2019 Academy Award Winner: Best Film
Green Book was very much deemed the underdog at this years Academy Awards, however, given its cultural, class and political nature it’s really not so surprising it took home Best Film.
Green Book is based on a true story. Set on the backdrop of 1960’s America the film hones in on the dysfunctional dynamics of segregated living and cultural differences between many. It brings together two contrasting characters; Dr Don Shirley (recent Academy Award Winner: Mahershala Ali), a talented African-American pianist, and Frank “Tony Lip” Vallelonga (Viggo Mortensen), an Italian-American doorman/hustler.
The two are universally joined together when Dr Shirley is in need of a driver/bodyguard before embarking on a classical music tour of the deep south. Vallelonga, in need of extra cash, agrees to Shirley’s terms and becomes his chauffeur. The film drives the audience along the eight-week period as we are immersed in obstacles, confrontation and racial prejudice.
The film starts off by introducing us to Tony and his struggle with trying to provide for his family juxtaposed with Shirley who lives in a penthouse-like building in the same neighbourhood in New York. The character clash becomes central to the film as we learn more about each of their distinctively opposite outlooks on life. Initially, we have Tony, mindless of his racial attitude and somewhat ill-educated and then Shirley, condescendingly upper class and well educated.
The pair are standoffish at several pointing the movie but, there was one particular scene that stood out for me and, undoubtedly got them a good few Oscar nods.

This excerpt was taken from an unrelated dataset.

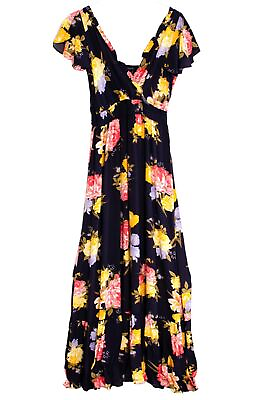 #ad Dorothy Perkins Navy Floral Maxi Dress V Neck Short Sleeve Floaty Stretch Fit GBP 26.95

Picture the scene: Shirley and Vallelonga are arguing at the side of the highway, the rain is lashing down, the pair are deep in confrontation and so the mood is set:
Dr Don Shirley: ‘Yes, I live in a castle! Tony. Alone! And rich white people pay me to play piano for them, because it makes them feel cultured. But as soon as I step off that stage, I go right back to being just another n****r to them. Because that is their true culture. And I suffer that slight alone, because I’m not accepted by my own people, because I’m not like them either! So if I’m not black enough, and if I’m not white enough, and if I’m not man enough, then tell me Tony, what am I?!”
Oh, bravo, bravo! Take a bow gents (“that’s going to win Best Film”).
Despite its controversial but historic content, I felt Green Book managed to overcome all of the negative aspects displayed throughout the film and end on a contented and pleasant note. There was a very important take-home message embedded also: we are all the same, no matter what roadblocks we face in life, we are all the same. We are stronger when we work together and support each other and we find true friendship and love through our shared experiences.
Green Book is an important film and definitely, worth the watch. We have two incredibly talented actors effortlessly coming together on screen for this laid-back, character-driven piece of cinema. Add it to your watchlist now.